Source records
----------
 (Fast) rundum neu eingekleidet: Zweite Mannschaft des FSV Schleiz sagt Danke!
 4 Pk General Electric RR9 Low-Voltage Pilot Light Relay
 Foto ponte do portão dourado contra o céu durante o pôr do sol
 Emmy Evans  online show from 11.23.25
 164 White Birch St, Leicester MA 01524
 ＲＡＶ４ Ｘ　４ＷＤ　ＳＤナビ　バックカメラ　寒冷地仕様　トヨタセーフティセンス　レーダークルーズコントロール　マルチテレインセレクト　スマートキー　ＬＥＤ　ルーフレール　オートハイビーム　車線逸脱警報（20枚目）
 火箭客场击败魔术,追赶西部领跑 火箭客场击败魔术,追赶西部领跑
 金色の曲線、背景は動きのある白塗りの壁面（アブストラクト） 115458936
----------
## Task goal:
Type out the records again exactly, line for line.

## Exercise output:
 (Fast) rundum neu eingekleidet: Zweite Mannschaft des FSV Schleiz sagt Danke!
 4 Pk General Electric RR9 Low-Voltage Pilot Light Relay
 Foto ponte do portão dourado contra o céu durante o pôr do sol
 Emmy Evans  online show from 11.23.25
 164 White Birch St, Leicester MA 01524
 ＲＡＶ４ Ｘ　４ＷＤ　ＳＤナビ　バックカメラ　寒冷地仕様　トヨタセーフティセンス　レーダークルーズコントロール　マルチテレインセレクト　スマートキー　ＬＥＤ　ルーフレール　オートハイビーム　車線逸脱警報（20枚目）
 火箭客场击败魔术,追赶西部领跑 火箭客场击败魔术,追赶西部领跑
 金色の曲線、背景は動きのある白塗りの壁面（アブストラクト） 115458936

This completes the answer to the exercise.